In this section, a spatiotemporally integrated detection network (STIDNet) is realized and applied. First, the main components of the integrated detection network are detailed, the design of the feature extraction layer of the motion saliency and spatiotemporal saliency extraction network is displayed, and the specific implementation of the proposed algorithm under input sequence images is described.

2.1. Overall Architecture

We focus on the design of STIDNet; the network can independently learn the spatiotemporal characteristics of IRDSTs to strengthen its ability to detect IRDSTs with extremely low SCRs. As shown in Figure 2, the overall structure of the network consists of three parts—a spatial saliency feature generation module (SSFGM), a motion feature extraction module (MFEM), and a spatiotemporal feature fusion module (STFFM).

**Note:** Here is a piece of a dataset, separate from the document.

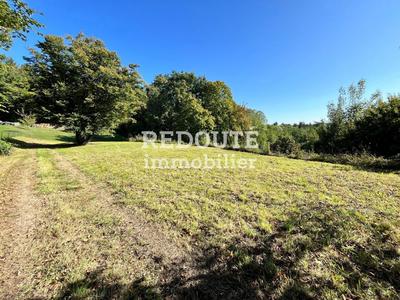 Terrain constructible - 1 794 m²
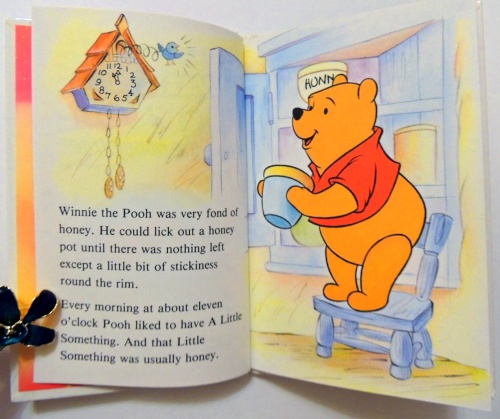 Winnie the Pooh and the Honey Tree  2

Section 2.2. presents the design of a U-shaped network for extracting the spatial saliency for IRDSTs. Section 2.3. describes the proposed multiscale motion feature-based 3D convolution kernel (FWMFCK-3D) for accumulating the spatial saliency of IRDSTs via a prior motion. Section 2.4. details the mapping from the spatiotemporal motion feature tensor to an IRDST probability. Finally, Section 2.5 and Section 2.6 introduce the loss functions and applications of the network, respectively.

2.2. Spatial Saliency Feature Generation Module

The network input is a sequence of infrared images

ℝ^{T \times W \times H}

, where T denotes the length of the input sequence (5 frames are used in the paper), and W and H denote the width and height of the images, respectively. For a single-frame image

I \in ℝ^{5 \times W \times H}

in a sequence, a U-shaped network [33] is used as the backbone network to extract the significance of the spatial domain, and the weight parameters of the network are shared by all the images contained in the sequence.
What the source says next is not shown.